Sementara yang selalu terkait dengan “substansi” adalah “bentuk”. Berbeda dengan “substansi”, “bentuk” selalu dibatasi oleh ruang dan waktu. Oleh karena itu “bentuk” akan selau berubah sepanjang masa mengikuti perubahan itu sendiri. Yang dimaksud dengan “bentuk” di sini adalah teknik dan prosedur akuntansi, perlakukan akuntansi, bentuk laporan keuangan dan lain-lainnya. Bentuk praktik akuntansi di negara Arab akan berbeda dengan bentuk praktik akuntansi di Indonesia. Demikian juga, bentuk praktik akuntansi di Amerika Serikat pada tahun 1700-an akan berbeda dengan praktik akuntansi pada tahun 2000-an sekarang ini. “Bentuk” selalu melekat dengan kondisi objektif (lingkungan sosial, ekonomi, politik, budaya, dan lain-lainnya) dari masyarakat di mana akuntansi tadi dipraktikkan. Oleh karena itu, sangat wajar bila”bentuk” akuntansi di masing-masing negara / bangsa selalu berbeda. Bahkan di satu negara pun akan berbeda bentuknya jika dilihat dari masa ke masa.

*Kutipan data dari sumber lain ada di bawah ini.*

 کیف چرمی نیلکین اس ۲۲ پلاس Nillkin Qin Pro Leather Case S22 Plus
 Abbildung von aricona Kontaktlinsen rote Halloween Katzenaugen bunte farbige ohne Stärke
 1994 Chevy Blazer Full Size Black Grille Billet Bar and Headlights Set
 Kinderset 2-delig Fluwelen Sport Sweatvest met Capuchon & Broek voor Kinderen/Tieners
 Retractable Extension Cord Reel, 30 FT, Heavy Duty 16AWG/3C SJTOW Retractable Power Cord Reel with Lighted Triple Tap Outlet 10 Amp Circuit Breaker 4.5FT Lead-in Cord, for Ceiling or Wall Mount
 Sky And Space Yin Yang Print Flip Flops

Perintah normatif alquran di atas perlu dioperasionalkan dalam bentuk aksi / praktik. Sehingga perinah alquran dapat membumi (dapat dipraktikan) dalam masyarakat. Selama ini masyarakat muslim secara umum terperangkap pada aspek normative dalam memahami perintah-perintah agama, dan sebaliknya melupakan praktiknnya. Sebagai contoh misalnya umat muslim sering mednapatkan ceramah bahwa “bersih itu adalah sebagian dari iman”, tetapi ternyata dalam praktinya umat muslim tidak dapat mengerjakannya. Hal ini dibuktikan dengan keadaan masjid yang selalu kotor, rumah sakit Islam yang juga kotor, dan masih banyak contoh lainnya.

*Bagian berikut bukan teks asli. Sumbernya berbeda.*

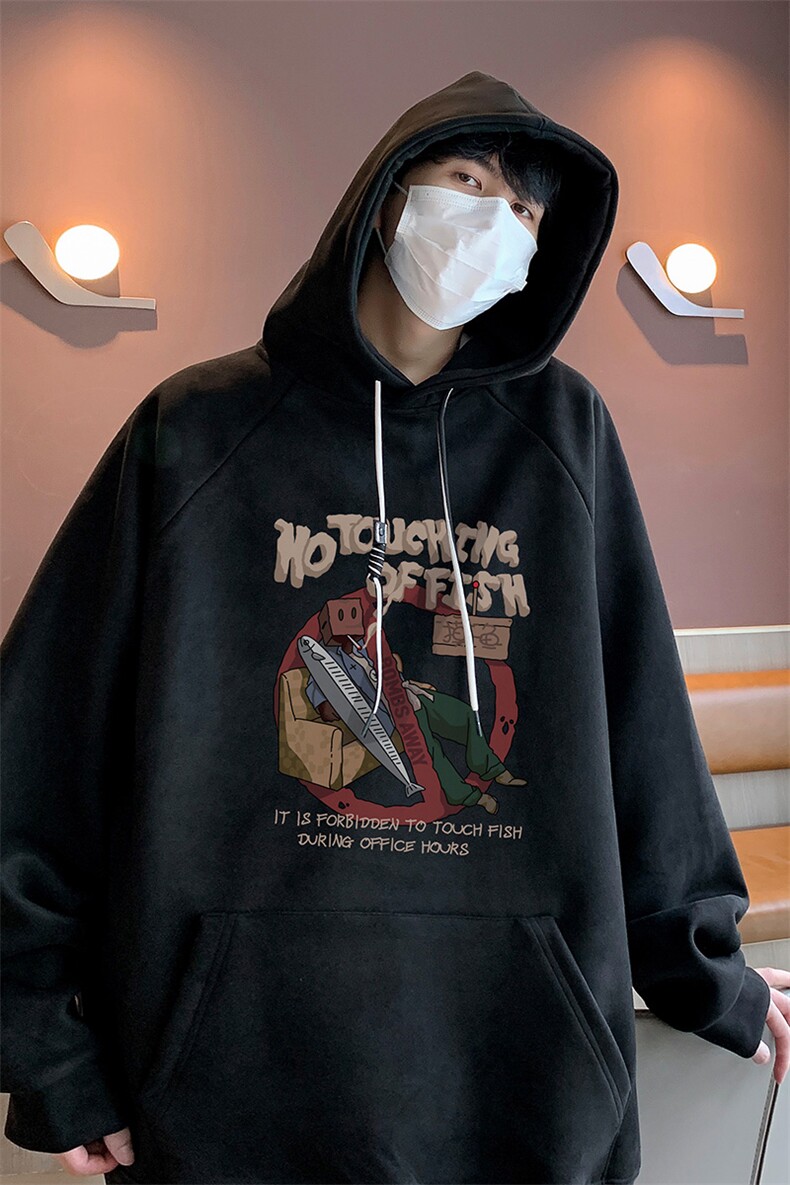 已注册港风抖音直播得物品质宽松麂皮绒连帽卫衣W6009P48,男装卫衣,电商C408-1(原B339-1)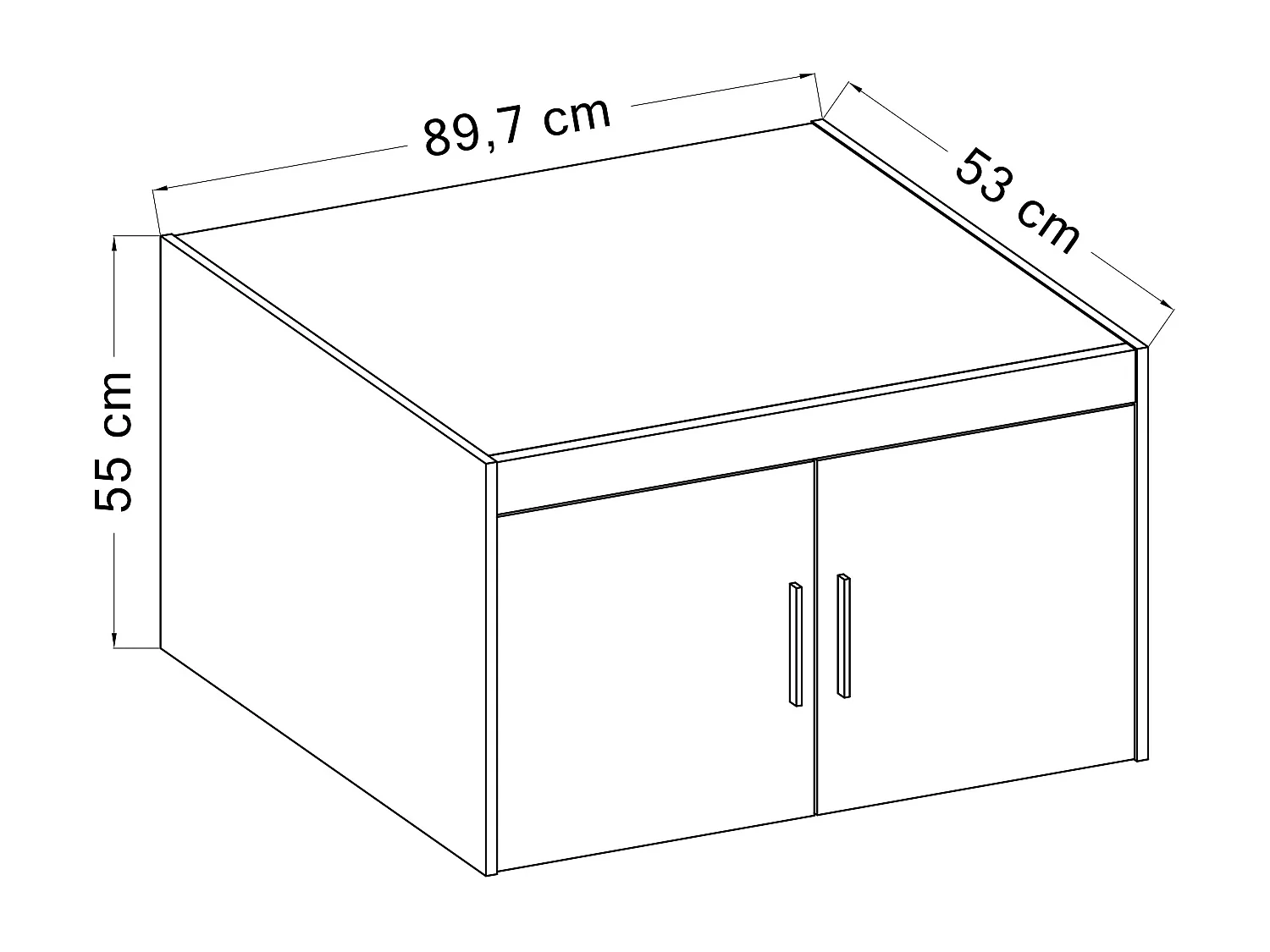 AX LIVING Schrankaufsatz Storicos 2T Eiche Lefkas 89,7x55x53 cm Modern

Di sini terlihat adanya jurang pemisah (gap) antara perintah normatif dengan praktiknya. Dalam kaitannya dengan ini Kuntowidjojo (1991) mengusulkan perlunya “ilmu sosial profetik”. Yang dimaksud dengan ilmu sosial profetik di sini adalah ilmu yang diturunkan dari alquran dan hadis (sunnah nabi) dengan menggunakan kaidah-kaidah ilmiah yang nantinya digunakan untuk menjembatani antara perintah normative dengan praktik. Dengan ilmu ini, perintah-perintah normative menjadi lebih operasional dan dapat dipraktikkan dalam dunia nyata. Dalam konteks ini, akuntansi syariah yang sedang kita bicarakan sebetulnya merupakan bagian dari upaya kita dalam membangun ilmu sosial profetik di bidang akuntansi. Perintah normative telah ada dalam alquran, berikutnya adalah menerjemahkan alquran dalam bentuk tori Akuntansi Syariah yang pada gilirannya digunakan untuk memberikan arah (guidance) tentang praktif akuntansi yang sesuai dengan syariah.

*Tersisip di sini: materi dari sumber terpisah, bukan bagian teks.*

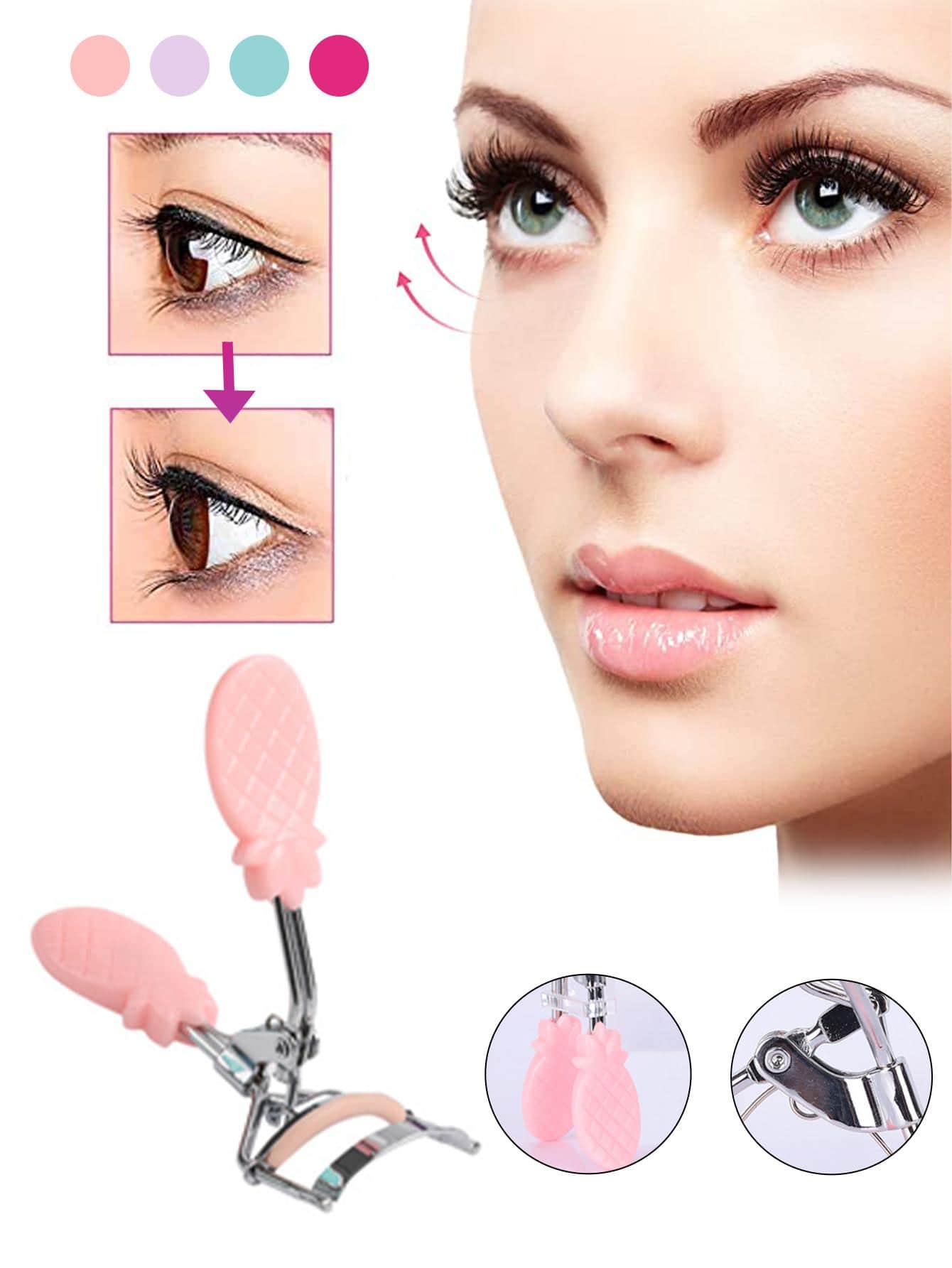 Rizador de pestañas en forma de piña Con Cepillo Separador - Rosa - Ver 1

     C.    PRINSIP FILOSOFIS AKUNTANSI SYARIAH
Teori Akuntansi Syariah (dalam hal ini adalah knowledge) digunakan untuk memandu praktik akuntansi (action). Dari keterkaitan ini kita bisa melihat bahwa teori Akuntansi Syariah (knowledge) dan praktik Akuntansi Syariah (action) adalah dua sisi dari satu uang logam yang sama. Keduanya tidak dapat dipisahkan, keduanya juga tidak boleh lepas dari bingkai keimanan / tauhid (faith) yang dalam hal ini bisa digambarkan sebagai sisi lingkaran pada uang logam yang membatasi dua sisi lainnya untuk tidak keluar dari keimanan.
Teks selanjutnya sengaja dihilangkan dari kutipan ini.